La evolución de
las armas ha ido pareja a la del hombre, desde que el primer homínido lanzara
una simple piedra para defenderse, algo cambió, su inteligencia primaria
memorizó este acto por el resultado positivo alcanzado. La memoria reflexiva
debió hacer el resto perfeccionando los instrumentos ofensivos que favorecerían
el cambio de presa a predador.
Las piedras fueron
los primeros proyectiles que arrojaron nuestros ancestros, posteriormente fueron
elaborando mas sus armas, comenzando a utilizar lanzas, flechas y todo tipo de
objetos catapultados en la intención de salvar el contacto directo con sus
enemigos o presas, evitando de ese modo la posibilidad de resultar heridos. Mas
tarde con el descubrimiento de los metales, perfeccionan los objetos conocidos,
hasta el momento en que aparecen las armas de fuego y con ellas los proyectiles
en el que basaremos este trabajo, el que es disparado o propulsado con armas de
fuego.
Aunque resulta
imposible datar con seguridad donde o cuando aparecieron las primeras armas de
fuego, si podemos aventurar el tipo de proyectiles que usaron, en algunos casos
porque perduran en el tiempo, y en otros por el grabado o dibujos antiguos, como
el de “Walter
de Milimete”, fechado en 1326, en el que aparece una especie
de cañón en forma de vasija
apuntando hacia la puerta de una fortaleza y un
soldado en posición para su disparo acercándole un hierro al “rojo
vivo”. En este grabado, podemos apreciar que de la boca del cañón
sobresale una enorme flecha, que nos lleva a suponer que en un primer momento y
tras descubrir la utilidad de la pólvora negra como propulsor cuando se
encerraba en un tubo cerrado por un extremo, emplearan como
proyectil lo que ellos conocían hasta el momento como proyectiles ofensivos, las
flechas en todas sus variantes. Solo las pruebas posteriores indicarían que
había otros con un mayor potencial para sus objetivos, los esféricos de piedra o
metálicos.
La primigenia
artillería se empleó principalmente para el derribo de puertas y murallas
defensivas, por lo que resultaba factible la utilización de proyectiles
esféricos de piedra que tenían notables ventajas, ya que se fabricaban en el
mismo “campo de batalla”, que en realidad era el “sitio”

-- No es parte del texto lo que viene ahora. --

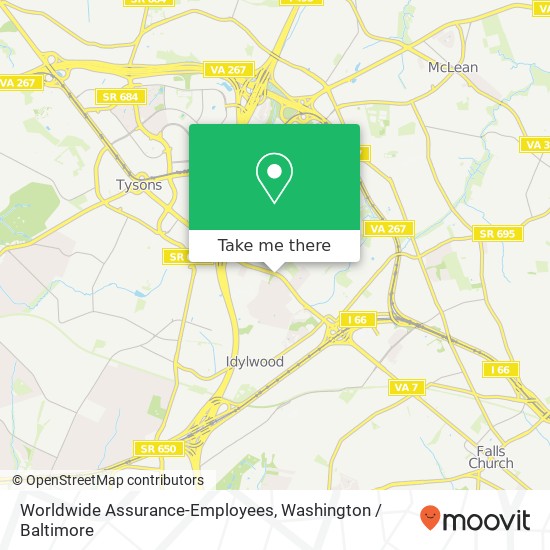 Worldwide Assurance-Employees map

de alguna ciudad y solía prolongarse durante semanas o
meses, dando tiempo a que se pudieran tallar sobre el
terreno, porque ni la cadencia de disparo ni las
características balísticas de estos cañones eran muy
exigentes. Cada pieza era diferente en cuanto a calibre y
longitud, por lo que entre su dotación había un grupo de
talladores de piedra que se dedicaban principalmente a este
trabajo cuando emplazaban la pieza, para ello disponían de
unas galgas (pasa - no pasa)
metálicas del calibre exacto que debería tener el proyectil, de forma que solo
cuando giraba sobre si mismo manteniendo la “galga” en el centro
de mismo, era apto para su disparo, asegurándose una cierta precisión en el
disparo, ya que ni se atascaría al cargar, ni tendría excesivo
“viento” balístico. De
este tipo de proyectiles, se pueden ver
colecciones importantes en los mejores museos de armas europeos.
Las necesidades
militares consiguieron progresos importantes en la metalurgia y producción de
cañones con mayor alcance y potencia, al tiempo que los estudios balísticos favorecieron importantes avances en la precisión y
contundencia de los diferentes proyectiles, de hierro y plomo principalmente.
Pero no sería hasta el siglo XIX, cuando realmente se dio un paso de gigante en
lo que a la balística se refiere, pues será durante este siglo, cuando se avanza
en el estudio y mejora de los cañones estriados, que aunque se conocían desde
antiguo, no se les había sacado todo su potencial hasta que en la última mitad
este siglo, en que se alcanzará el máximo de esplendor en lo que al desarrollo y
precisión de las armas estriadas se refiere, y por ende sus proyectiles.